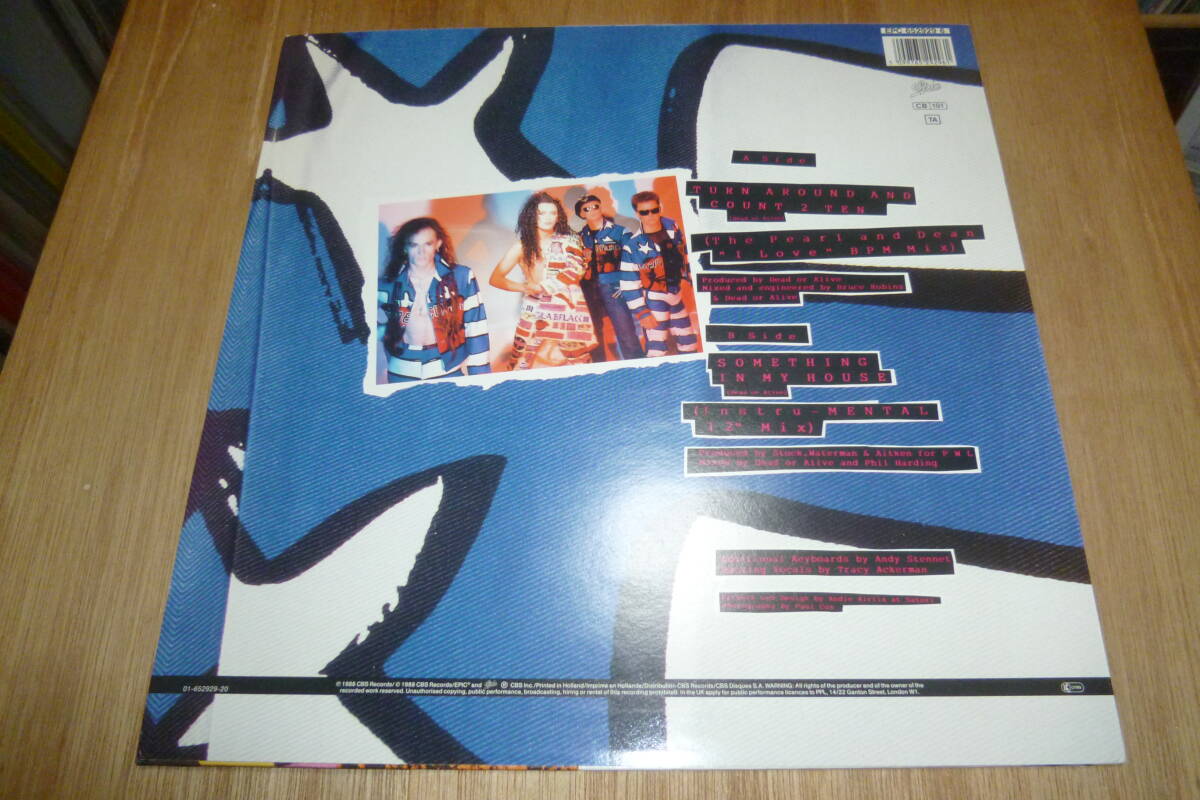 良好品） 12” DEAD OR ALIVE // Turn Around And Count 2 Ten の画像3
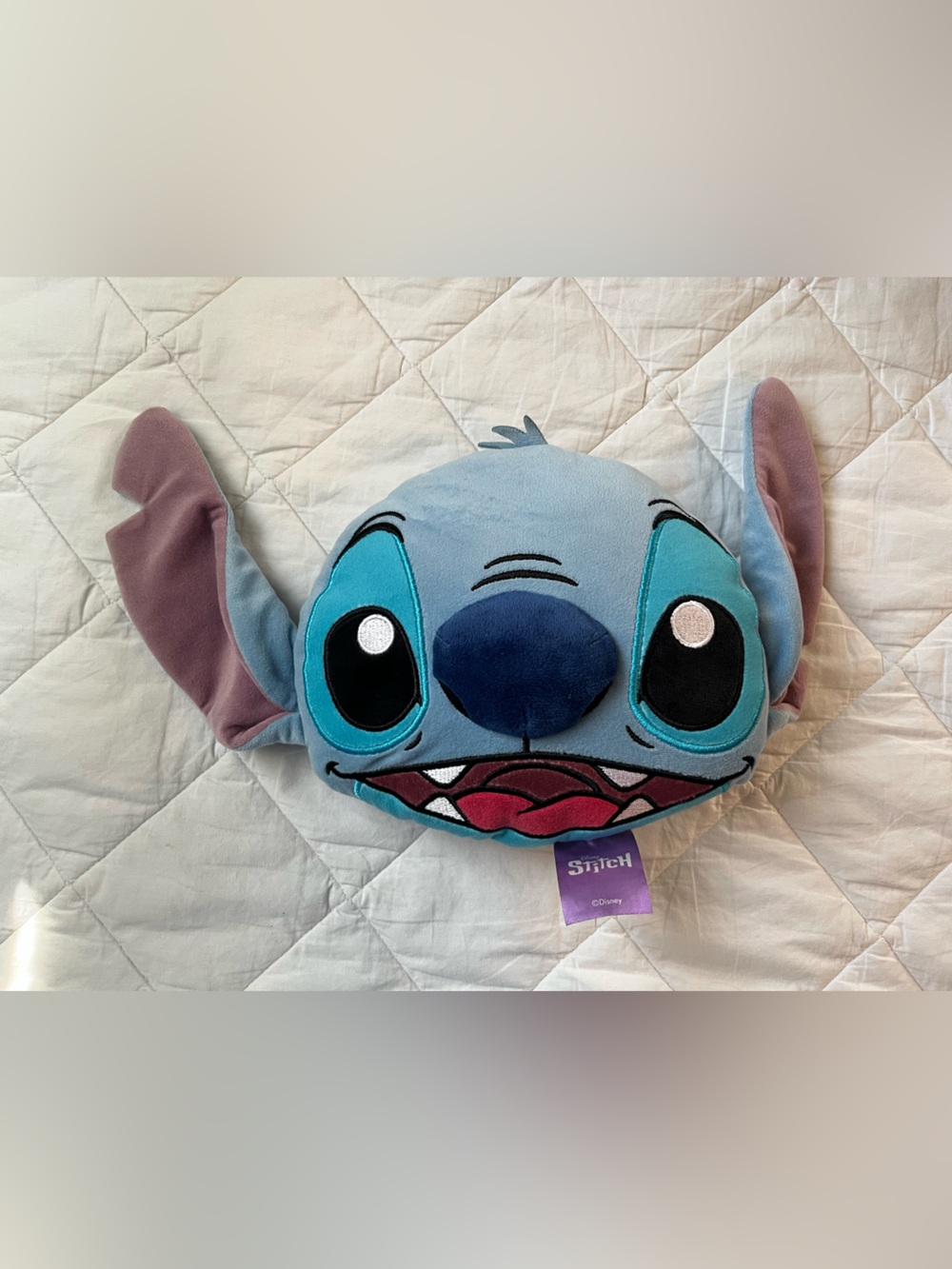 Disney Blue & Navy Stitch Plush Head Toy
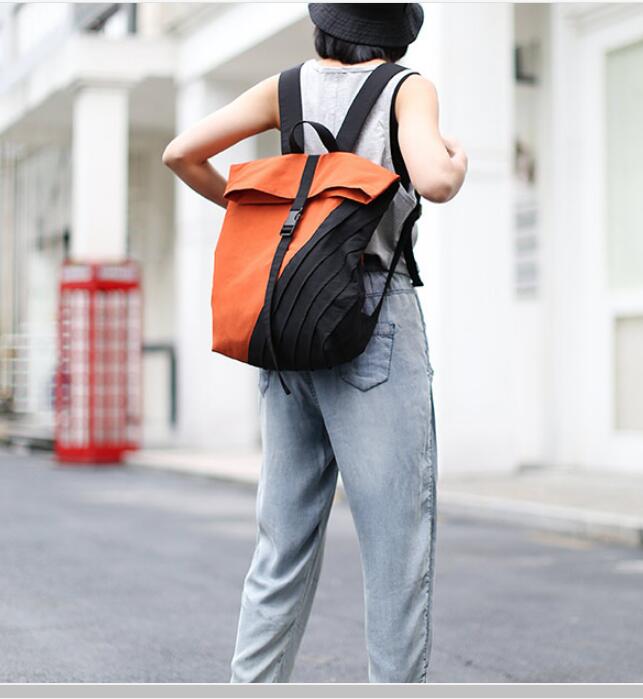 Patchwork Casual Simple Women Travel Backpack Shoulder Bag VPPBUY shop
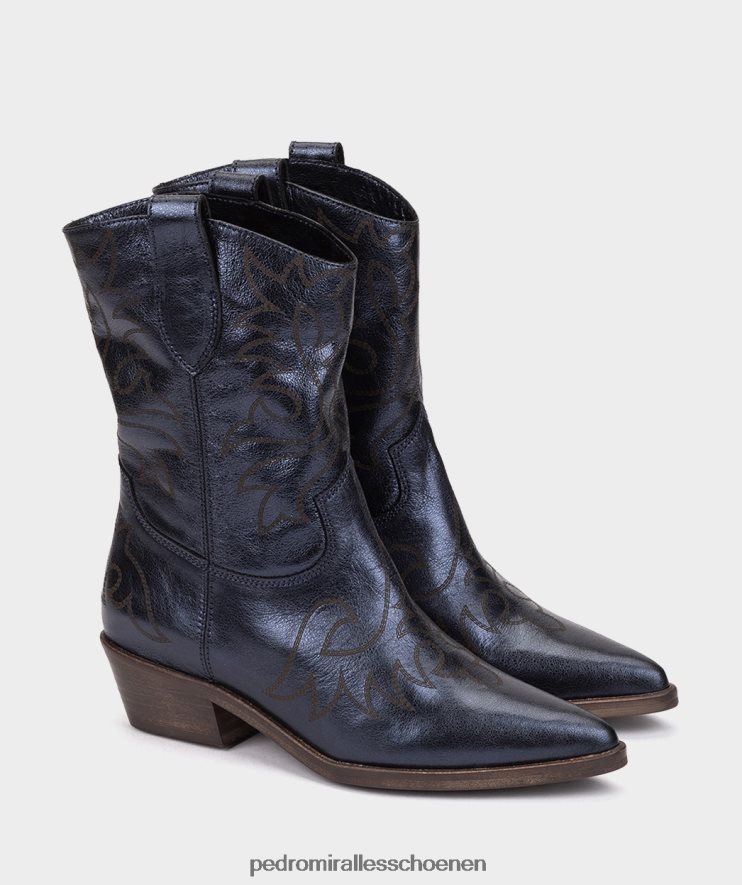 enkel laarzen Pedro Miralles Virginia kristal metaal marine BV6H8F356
**********
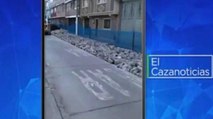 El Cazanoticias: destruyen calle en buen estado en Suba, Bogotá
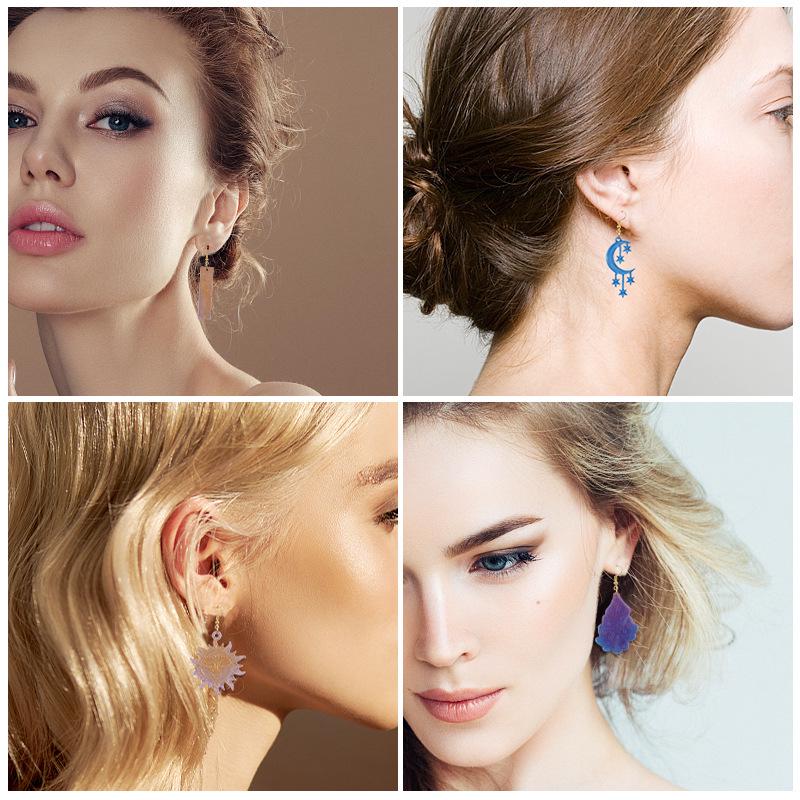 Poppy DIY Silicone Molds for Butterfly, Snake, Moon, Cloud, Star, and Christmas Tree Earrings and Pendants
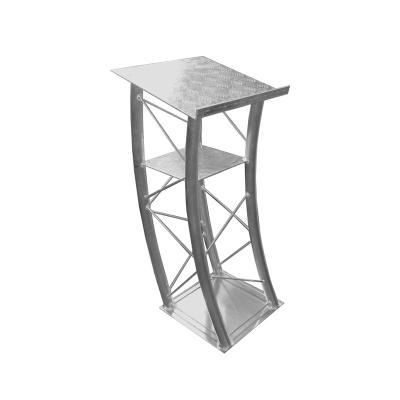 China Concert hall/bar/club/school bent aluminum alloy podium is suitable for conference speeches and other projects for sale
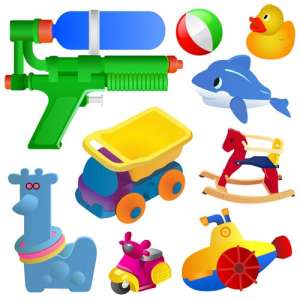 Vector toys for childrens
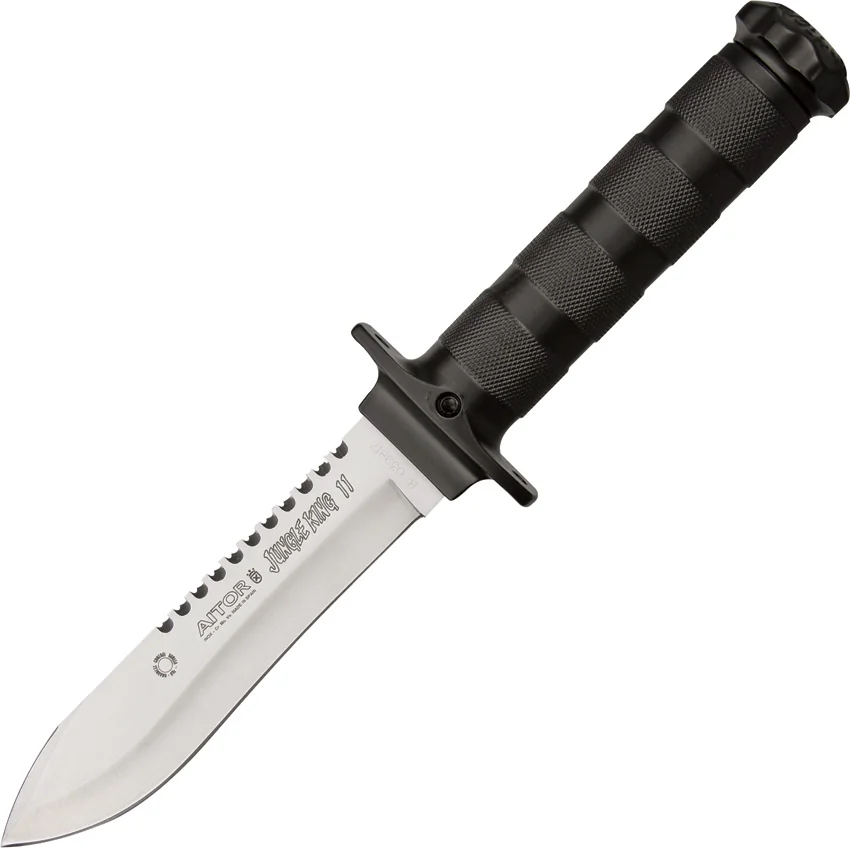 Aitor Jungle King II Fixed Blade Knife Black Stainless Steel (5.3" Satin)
**********
**Exercise instructions**
For this exercise, please set down exactly the lines of the listing above from the line with "China Concert hall/bar/club/school" up to and including the line with "Aitor Jungle King", and no pictures.

**Written solution**
 China Concert hall/bar/club/school bent aluminum alloy podium is suitable for conference speeches and other projects for sale
 Vector toys for childrens
 Aitor Jungle King II Fixed Blade Knife Black Stainless Steel (5.3" Satin)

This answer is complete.